Segment Start: Records for this task

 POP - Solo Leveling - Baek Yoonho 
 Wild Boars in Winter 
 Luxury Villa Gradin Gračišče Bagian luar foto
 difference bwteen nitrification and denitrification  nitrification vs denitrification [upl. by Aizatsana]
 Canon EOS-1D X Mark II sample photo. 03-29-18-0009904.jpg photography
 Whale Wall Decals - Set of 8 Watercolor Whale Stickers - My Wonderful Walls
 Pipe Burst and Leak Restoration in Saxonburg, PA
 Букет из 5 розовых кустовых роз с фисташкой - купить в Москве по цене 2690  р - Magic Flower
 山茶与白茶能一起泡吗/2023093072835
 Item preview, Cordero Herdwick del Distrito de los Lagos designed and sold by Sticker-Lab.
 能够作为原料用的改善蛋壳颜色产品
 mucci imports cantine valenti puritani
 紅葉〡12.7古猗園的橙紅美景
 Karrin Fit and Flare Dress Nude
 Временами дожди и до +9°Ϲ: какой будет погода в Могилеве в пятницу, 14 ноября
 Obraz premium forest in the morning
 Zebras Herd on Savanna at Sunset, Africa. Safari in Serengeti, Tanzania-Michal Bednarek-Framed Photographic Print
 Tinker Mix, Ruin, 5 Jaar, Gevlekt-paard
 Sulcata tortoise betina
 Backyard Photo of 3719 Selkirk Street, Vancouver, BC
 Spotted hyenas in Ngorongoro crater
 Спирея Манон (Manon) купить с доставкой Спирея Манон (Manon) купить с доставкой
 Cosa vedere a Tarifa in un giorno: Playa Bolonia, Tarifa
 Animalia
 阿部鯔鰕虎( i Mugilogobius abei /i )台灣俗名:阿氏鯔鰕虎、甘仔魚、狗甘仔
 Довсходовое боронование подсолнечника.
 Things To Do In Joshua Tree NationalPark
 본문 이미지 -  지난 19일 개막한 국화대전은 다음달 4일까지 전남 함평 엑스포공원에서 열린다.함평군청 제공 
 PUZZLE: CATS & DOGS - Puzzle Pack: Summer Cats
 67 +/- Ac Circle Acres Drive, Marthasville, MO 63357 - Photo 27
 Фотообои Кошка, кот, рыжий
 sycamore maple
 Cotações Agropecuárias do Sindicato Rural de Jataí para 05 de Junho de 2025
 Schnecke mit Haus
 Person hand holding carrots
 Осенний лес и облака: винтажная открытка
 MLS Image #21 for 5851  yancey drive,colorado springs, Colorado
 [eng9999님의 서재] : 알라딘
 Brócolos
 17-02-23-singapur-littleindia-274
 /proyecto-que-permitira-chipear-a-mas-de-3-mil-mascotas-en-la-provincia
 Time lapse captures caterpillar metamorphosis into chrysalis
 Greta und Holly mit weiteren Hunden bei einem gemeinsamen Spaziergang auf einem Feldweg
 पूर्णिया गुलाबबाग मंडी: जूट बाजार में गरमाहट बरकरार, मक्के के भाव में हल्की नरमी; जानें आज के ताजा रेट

Segment End: Records for this task

Each record above has to be printed again, word for word.

 POP - Solo Leveling - Baek Yoonho 
 Wild Boars in Winter 
 Luxury Villa Gradin Gračišče Bagian luar foto
 difference bwteen nitrification and denitrification  nitrification vs denitrification [upl. by Aizatsana]
 Canon EOS-1D X Mark II sample photo. 03-29-18-0009904.jpg photography
 Whale Wall Decals - Set of 8 Watercolor Whale Stickers - My Wonderful Walls
 Pipe Burst and Leak Restoration in Saxonburg, PA
 Букет из 5 розовых кустовых роз с фисташкой - купить в Москве по цене 2690  р - Magic Flower
 山茶与白茶能一起泡吗/2023093072835
 Item preview, Cordero Herdwick del Distrito de los Lagos designed and sold by Sticker-Lab.
 能够作为原料用的改善蛋壳颜色产品
 mucci imports cantine valenti puritani
 紅葉〡12.7古猗園的橙紅美景
 Karrin Fit and Flare Dress Nude
 Временами дожди и до +9°Ϲ: какой будет погода в Могилеве в пятницу, 14 ноября
 Obraz premium forest in the morning
 Zebras Herd on Savanna at Sunset, Africa. Safari in Serengeti, Tanzania-Michal Bednarek-Framed Photographic Print
 Tinker Mix, Ruin, 5 Jaar, Gevlekt-paard
 Sulcata tortoise betina
 Backyard Photo of 3719 Selkirk Street, Vancouver, BC
 Spotted hyenas in Ngorongoro crater
 Спирея Манон (Manon) купить с доставкой Спирея Манон (Manon) купить с доставкой
 Cosa vedere a Tarifa in un giorno: Playa Bolonia, Tarifa
 Animalia
 阿部鯔鰕虎( i Mugilogobius abei /i )台灣俗名:阿氏鯔鰕虎、甘仔魚、狗甘仔
 Довсходовое боронование подсолнечника.
 Things To Do In Joshua Tree NationalPark
 본문 이미지 -  지난 19일 개막한 국화대전은 다음달 4일까지 전남 함평 엑스포공원에서 열린다.함평군청 제공 
 PUZZLE: CATS & DOGS - Puzzle Pack: Summer Cats
 67 +/- Ac Circle Acres Drive, Marthasville, MO 63357 - Photo 27
 Фотообои Кошка, кот, рыжий
 sycamore maple
 Cotações Agropecuárias do Sindicato Rural de Jataí para 05 de Junho de 2025
 Schnecke mit Haus
 Person hand holding carrots
 Осенний лес и облака: винтажная открытка
 MLS Image #21 for 5851  yancey drive,colorado springs, Colorado
 [eng9999님의 서재] : 알라딘
 Brócolos
 17-02-23-singapur-littleindia-274
 /proyecto-que-permitira-chipear-a-mas-de-3-mil-mascotas-en-la-provincia
 Time lapse captures caterpillar metamorphosis into chrysalis
 Greta und Holly mit weiteren Hunden bei einem gemeinsamen Spaziergang auf einem Feldweg
 पूर्णिया गुलाबबाग मंडी: जूट बाजार में गरमाहट बरकरार, मक्के के भाव में हल्की नरमी; जानें आज के ताजा रेट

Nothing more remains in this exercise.